ICC 1 Corinthians Commentary online

The following public domain book is now available for free download in PDF:

Archibald Robertson [1853-1931] & Alfred Plummer [1841-1926], A Critical and Exegetical Commentary on the First Epistle of Paul to the Corinthians, 2nd edn. Edinburgh: T & T Clark, 1914. Hbk. pp.424.
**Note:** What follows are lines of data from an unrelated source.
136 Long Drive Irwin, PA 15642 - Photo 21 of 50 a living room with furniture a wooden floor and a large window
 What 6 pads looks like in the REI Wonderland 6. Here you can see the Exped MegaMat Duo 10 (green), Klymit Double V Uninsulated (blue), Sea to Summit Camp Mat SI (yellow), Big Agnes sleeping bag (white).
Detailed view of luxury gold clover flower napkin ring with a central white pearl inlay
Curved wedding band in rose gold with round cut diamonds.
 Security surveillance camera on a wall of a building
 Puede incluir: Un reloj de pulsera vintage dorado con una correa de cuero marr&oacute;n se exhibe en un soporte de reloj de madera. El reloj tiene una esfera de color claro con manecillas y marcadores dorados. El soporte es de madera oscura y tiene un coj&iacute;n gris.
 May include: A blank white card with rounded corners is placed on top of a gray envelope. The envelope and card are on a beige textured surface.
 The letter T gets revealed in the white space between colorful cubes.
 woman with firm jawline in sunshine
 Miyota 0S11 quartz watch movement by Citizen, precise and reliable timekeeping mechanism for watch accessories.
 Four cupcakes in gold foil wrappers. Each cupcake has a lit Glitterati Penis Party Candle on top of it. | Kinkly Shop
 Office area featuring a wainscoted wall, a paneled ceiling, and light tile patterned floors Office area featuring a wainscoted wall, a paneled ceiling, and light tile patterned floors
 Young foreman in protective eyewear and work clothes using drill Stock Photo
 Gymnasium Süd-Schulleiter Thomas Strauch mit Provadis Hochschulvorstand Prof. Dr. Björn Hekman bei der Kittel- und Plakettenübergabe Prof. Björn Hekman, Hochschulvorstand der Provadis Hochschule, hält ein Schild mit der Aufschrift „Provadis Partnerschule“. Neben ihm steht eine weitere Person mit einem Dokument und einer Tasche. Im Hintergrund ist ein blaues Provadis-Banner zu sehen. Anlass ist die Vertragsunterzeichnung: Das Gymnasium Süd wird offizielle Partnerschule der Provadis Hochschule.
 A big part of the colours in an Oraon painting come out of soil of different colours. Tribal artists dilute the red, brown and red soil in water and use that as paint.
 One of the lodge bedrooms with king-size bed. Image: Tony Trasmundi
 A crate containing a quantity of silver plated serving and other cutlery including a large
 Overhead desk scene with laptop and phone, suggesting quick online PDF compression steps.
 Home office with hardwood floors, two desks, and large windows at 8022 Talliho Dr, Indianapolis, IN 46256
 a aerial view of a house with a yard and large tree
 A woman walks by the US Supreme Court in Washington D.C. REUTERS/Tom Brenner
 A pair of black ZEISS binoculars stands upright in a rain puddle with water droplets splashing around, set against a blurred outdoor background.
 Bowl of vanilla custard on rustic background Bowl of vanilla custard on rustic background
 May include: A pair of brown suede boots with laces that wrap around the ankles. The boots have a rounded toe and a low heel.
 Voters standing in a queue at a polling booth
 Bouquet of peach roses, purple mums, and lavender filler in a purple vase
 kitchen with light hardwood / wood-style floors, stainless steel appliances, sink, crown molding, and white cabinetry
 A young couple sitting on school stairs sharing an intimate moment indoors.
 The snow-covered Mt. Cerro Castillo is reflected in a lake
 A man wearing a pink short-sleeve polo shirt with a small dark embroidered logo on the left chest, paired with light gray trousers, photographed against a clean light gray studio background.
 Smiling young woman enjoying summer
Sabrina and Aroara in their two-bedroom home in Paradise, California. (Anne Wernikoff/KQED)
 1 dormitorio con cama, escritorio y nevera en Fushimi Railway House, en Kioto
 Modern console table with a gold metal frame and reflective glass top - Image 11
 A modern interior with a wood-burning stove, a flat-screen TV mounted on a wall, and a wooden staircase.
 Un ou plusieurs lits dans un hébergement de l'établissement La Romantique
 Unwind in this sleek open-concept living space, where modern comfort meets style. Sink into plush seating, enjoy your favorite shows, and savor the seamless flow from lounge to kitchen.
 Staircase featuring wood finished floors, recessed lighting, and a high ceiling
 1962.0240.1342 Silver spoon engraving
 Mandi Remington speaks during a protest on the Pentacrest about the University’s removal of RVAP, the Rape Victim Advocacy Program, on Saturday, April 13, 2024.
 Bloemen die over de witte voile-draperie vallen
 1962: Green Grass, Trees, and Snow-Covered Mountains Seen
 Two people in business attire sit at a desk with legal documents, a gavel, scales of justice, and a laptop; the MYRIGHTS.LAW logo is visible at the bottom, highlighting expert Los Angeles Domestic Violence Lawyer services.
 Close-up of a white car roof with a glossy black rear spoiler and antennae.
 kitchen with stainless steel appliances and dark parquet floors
International Critical Commentary on 1 Corinthians

§ I. Corinth

What we know from other sources respecting Corinth in St Paul’s day harmonizes well with the impression which we receive from 1 Corinthians. The extinction of the totius Graeciae lumen, as Cicero (Pro lege Manil. 5) calls the old Greek city of Corinth, by the Roman consul L. Mummius Achaicus, 146 B.C., was only temporary. Exactly a century later Julius Caesar founded anew city on the old site as Colonia Julia Corinthus. The re-building was a measure of military precaution, and little was done to show that there was any wish to revive the glories of Greece (Finlay, Greece under the Romans, p. 67). The inhabitants of the new city were not Greeks but Italians, Caesar’s veterans and freedmen. The descendants of the inhabitants who had survived the destruction of the old city did not return to the home of their parents, and Greeks generally were for a time somewhat shy of taking up their abode in the new city. Plutarch, who was still a boy when St Paul was in Greece, seems hardly to have regarded the new Corinth as a Greek town. Festus says that the colonists were called Corinthienses, to distinguish them from the old Corinthii. But such distinctions do not seem to have been maintained. By the time that St Paul visited the city there were plenty of Greeks among the inhabitants, the current language was in the main Greek, and the descendants of the first Italian colonists had become to a large extent Hellenized.